> [Problem statement]
All entries are to be printed again exactly, with their images omitted.

Data listing START

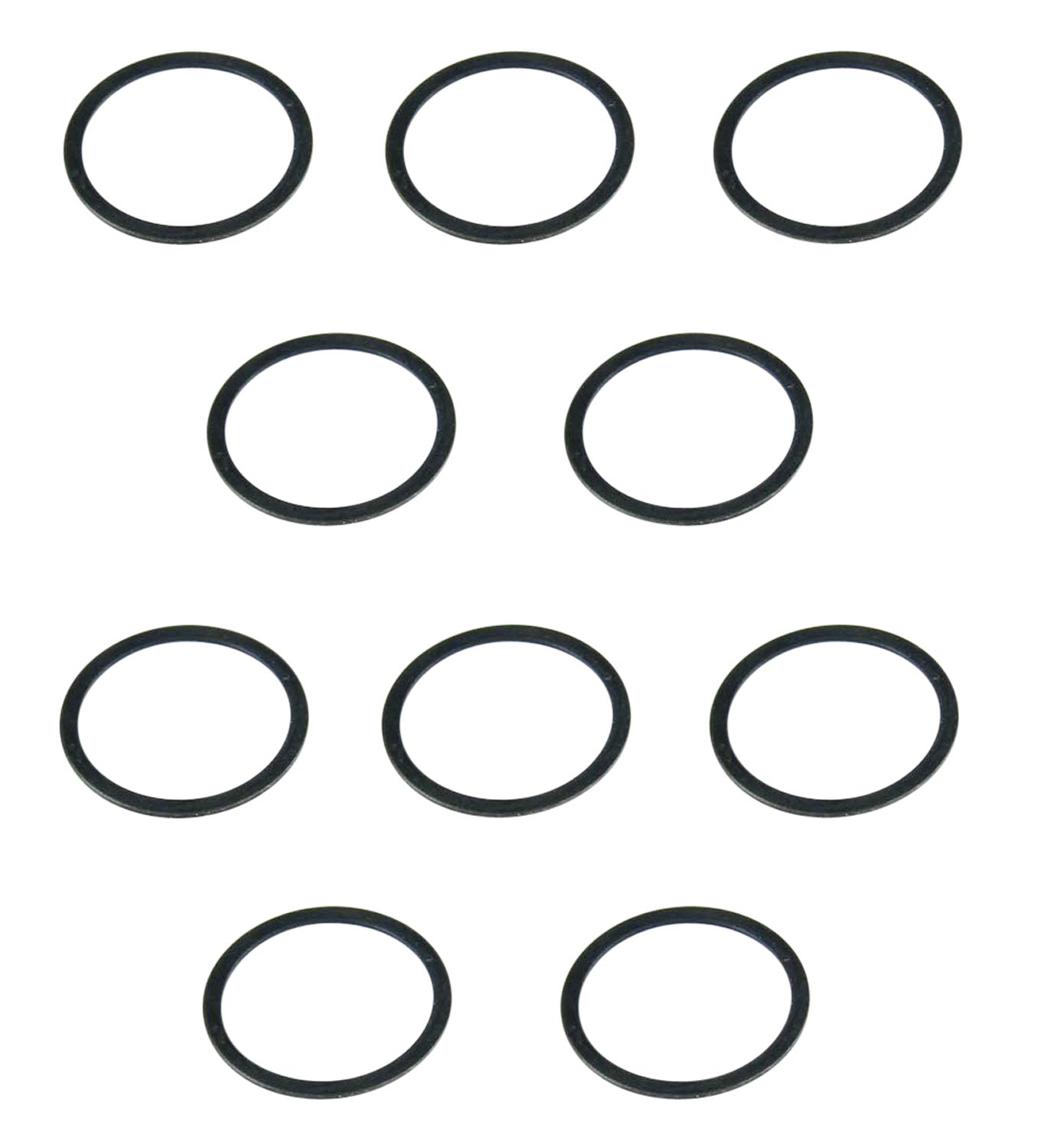 TacFire MAR063 Black AR-15 Barrel Nut Shim Washers, Pack of 10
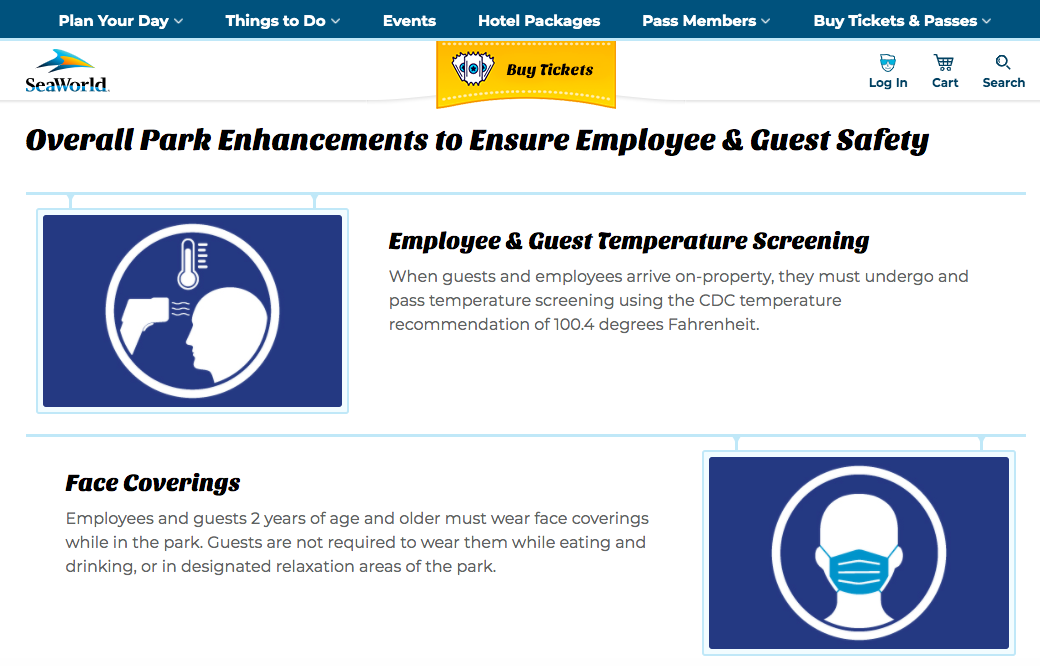 reabertura sea world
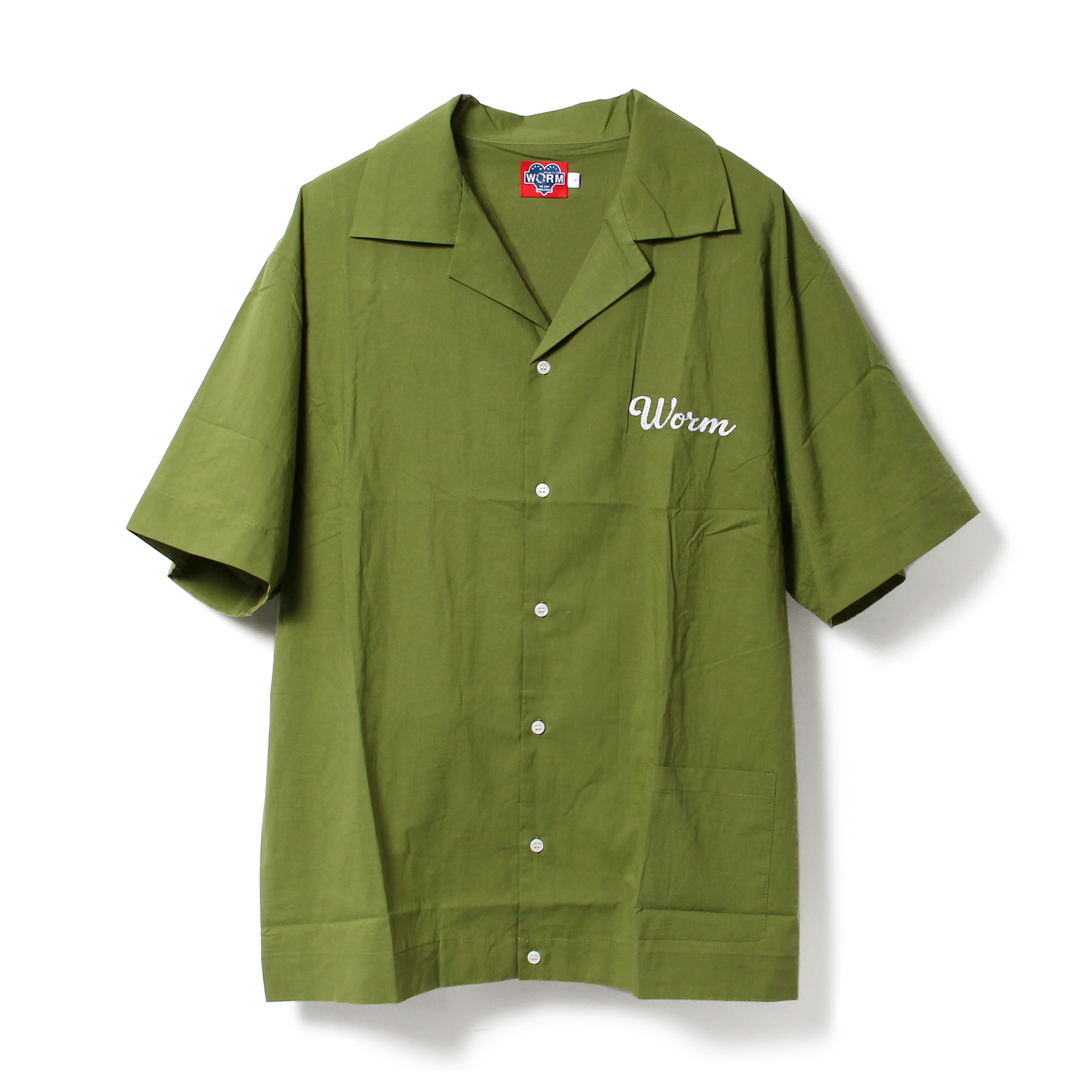 WORM T-shirt "LOGO" heather gray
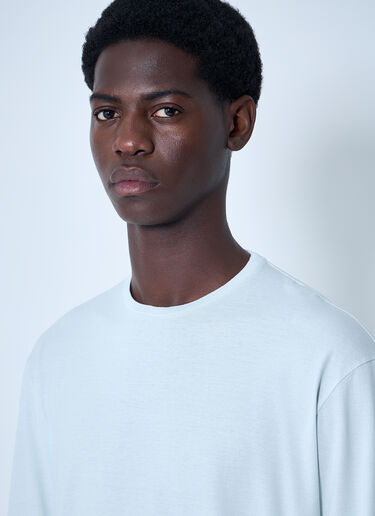 RIER Cotton Long Sleeve T-Shirt Grey rrr0160022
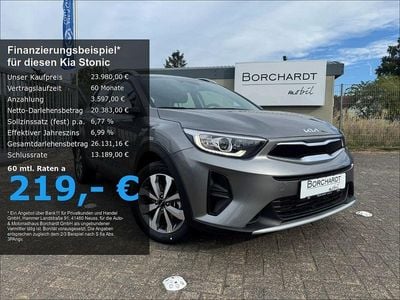 Neu Kia Stonic Vision 99 PS (72 kW) 2025 (m7g) astro grey m (grau) SUV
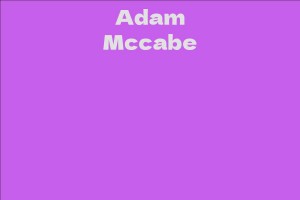 Adam Mccabe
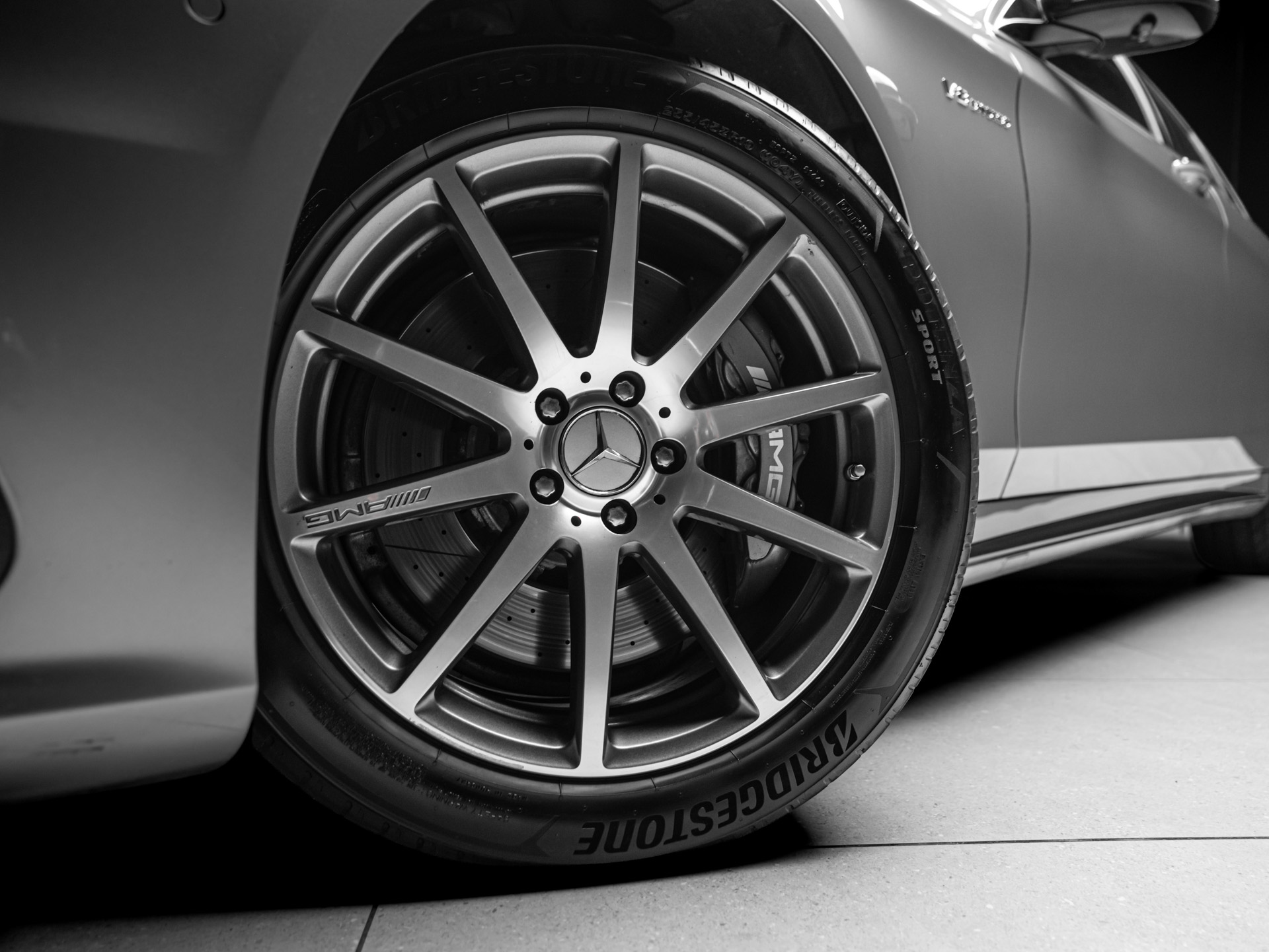 grey mercedes s63 11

Data listing END

> [Output of the task]
 TacFire MAR063 Black AR-15 Barrel Nut Shim Washers, Pack of 10
 reabertura sea world
 WORM T-shirt "LOGO" heather gray
 RIER Cotton Long Sleeve T-Shirt Grey rrr0160022
 Neu Kia Stonic Vision 99 PS (72 kW) 2025 (m7g) astro grey m (grau) SUV
 Adam Mccabe
 grey mercedes s63 11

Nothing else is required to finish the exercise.